Or perhaps it was Sergei, just Sergei and nothing else, that made her cry. After all, he disgusts her.

He wishes he had not taken the money, knows that that, too, must disgust her. There must be something he can do about it, prove that he is not so disgusting. He thinks of what he can tell her, that in fact he is donating the money to the town Police Department, or to the Committee for the Elderly. Anything to stop this. How many times have they yelled cruel things back and forth? He is tired of hurting, his back and his feelings. All that incivility, what a waste of energy. That’s it: he will say that the money is going to the Hazardous Waste Board.

He takes a breath and says, “About that money.”

The tall girl says, “You hit the jackpot there, didn’t you?” This must suddenly strike her as funny. Like a rainbow or some other naturally occurring wonder, apparently shocking the girl as much as Sergei, a surprised smile breaks across her face.

“Hit the jackpot,” Sergei repeats. “That’s good. I guess I did. Something good. For once in my life.”

“Or maybe twice in a life,” says the girl, tilting her head slightly. “I’d like to think it’s at least twice.”

The Man from Allston Electric

Rhea couldn’t help but feel sorry for the man from Allston Electric. He had fiddled all afternoon at an electrical outlet in her drafty living room only to emerge rumpled and disappointed, muttering, “Can’t do it.” He found Rhea in the kitchen, where the fluorescent light turned him gray under the eyes. “Nope. Wire’s dead.” Though he said this definitively, it was clear from his tense jaw that what the man wanted more than anything at that moment was to be able to revive the wire and impress Rhea.

Sitting at the nicked kitchen table, which she’d turned into a computer desk for the day, Rhea felt a small rush of pleasure. She was grateful for any admission of failure. She was tired of everyone always saying, Of course it can be done, Rhea, of course your love life can be renewed, your career saved. All around her the facts screamed: No! Yet even her closest friends at first remained hopeful after learning that Gregory had moved out. Though they saw for themselves that his dented Civic was no longer accruing tickets at the curb outside, and that Rhea no longer wore the little green-beaded bracelet he’d given her, they passed along books with titles like
When Love Isn’t Enough
and spelled out names of therapists who had saved various relationships—or at least prolonged them for months, sometimes years. Rhea’s mother, meanwhile, insisted that Rhea would find someone better, as if Gregory were a vacuum cleaner that had stopped working.

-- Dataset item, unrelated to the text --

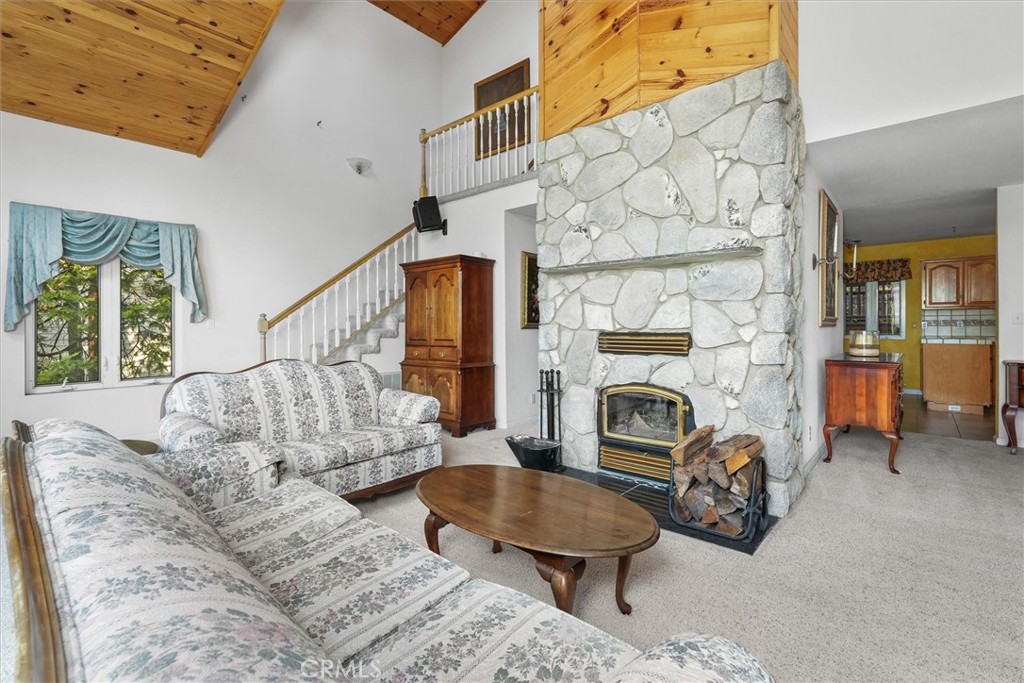 7244 Yosemite Park Way, Yosemite, CA 95389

Rhea never allowed herself to say to her, What if
nothing
gets better? She woke up every morning at seven o’clock in the pale yellow bedroom she had once shared with Gregory, and wished for good news. It wasn’t a conscious wish, more like a vague hope that was there when she awoke and gradually diminished as the day waned. Mornings seemed to hold possibilities, the way the light shone in through the little window across from the bed, tattooing slant rectangles on the wall where Gregory’s desk had been. His chess magazines, Rhea realized months after he moved out, still sat in a little pile in the corner. One day Rhea would bring them downstairs to the recycling bin; she knew this. But she also knew that she could not do it yet, though the magazine pile was gauzy with dust.

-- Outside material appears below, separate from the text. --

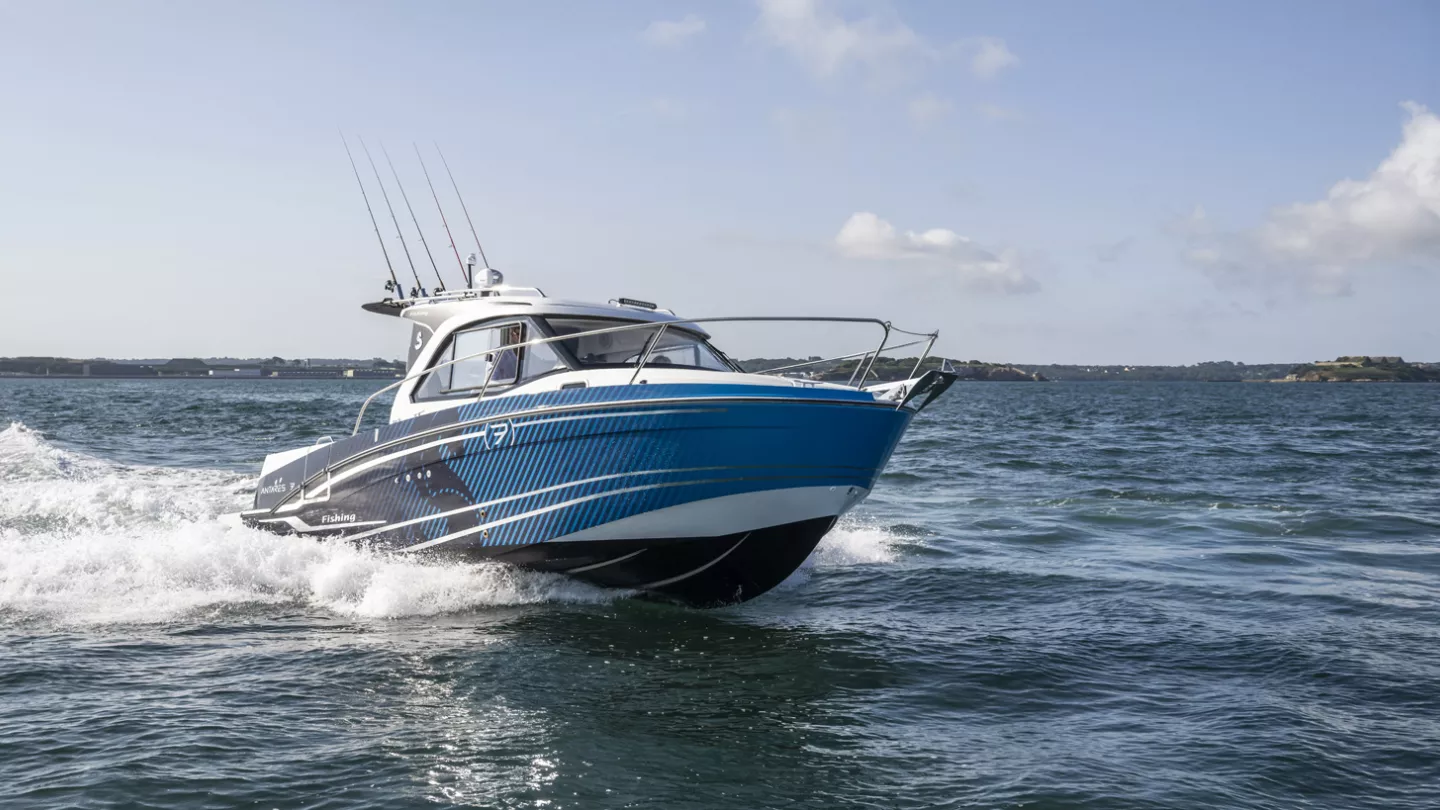 Vaartlander_BeneteauAntares7Fishing-10 Beneteau Antares 7 Fishing op snelheid tijdens varen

The living room, on the other hand, no longer showed any sign of having been inhabited by anyone other than Rhea. Her fiberboard bookshelves and filing cabinets cluttered the side of the room ruled by her large oak desk. Atop one of the shelves, tucked in an oversized manila envelope, was the wad of dissertation—on apostrophe in the Petrarchan sonnet—that she had completed a year earlier. Though it had won her much praise in her department, no one seemed to want to publish it. The library had a typed copy that no one would ever read. Rhea had received numerous direct-mail offers to have her work bound in book form, with an engraved leather cover. The mailings kept coming, like those twelve-CDs-for-a-dollar music clubs.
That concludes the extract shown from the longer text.